Lastly, the chairs from the kitchen table have to be meticulously scrubbed, especially Stella’s. Despite a decade of coaching, she has still not learned to lean over her plate when she’s eating so her chair is always stained with food that’s dropped from her fork or her mouth and greasy fingerprints where she’s wiped off her hands on the fabric. Magnus keeps insisting that we send her off to finishing school. I don't know where he even heard of finishing schools or if they still exist, but Stella wouldn't go anyway.
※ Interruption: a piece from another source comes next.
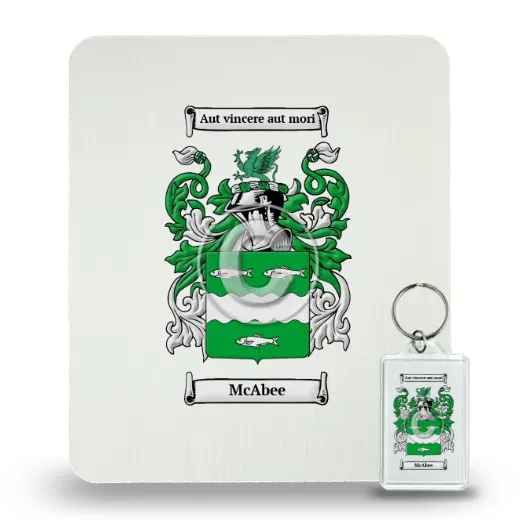 McAbee Mouse Pad and Keychain Combo Package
After pouring my heart and soul into cleaning, the same thing always happens – Acts of Sabotage. Ana will say, “Hey did you vacuum the stairs?” knowing damn well I already did. And though I can’t prove this, I think she keeps a satchel of sock fluff hidden in the house somewhere and she’ll sprinkle little bits on the carpets I’ve cleaned so that when she calls me over she can point at the fluff and say, “Well what’s this? Doesn’t look to me like you vacuumed very well.” Then she rips the vacuum from my hand, exhales a gigantic sigh, and starts re-vacuuming the house. At that point, I usually return to the kitchen to give the toaster one last polishing and I guard it until she returns to make sure she doesn’t plant a big fingerprint on it before final inspection.
But do I like having a clean house? Yes I do. The weekly ritual humiliation is a small price to pay for a house that that even the most germophobeous human could happily enjoy.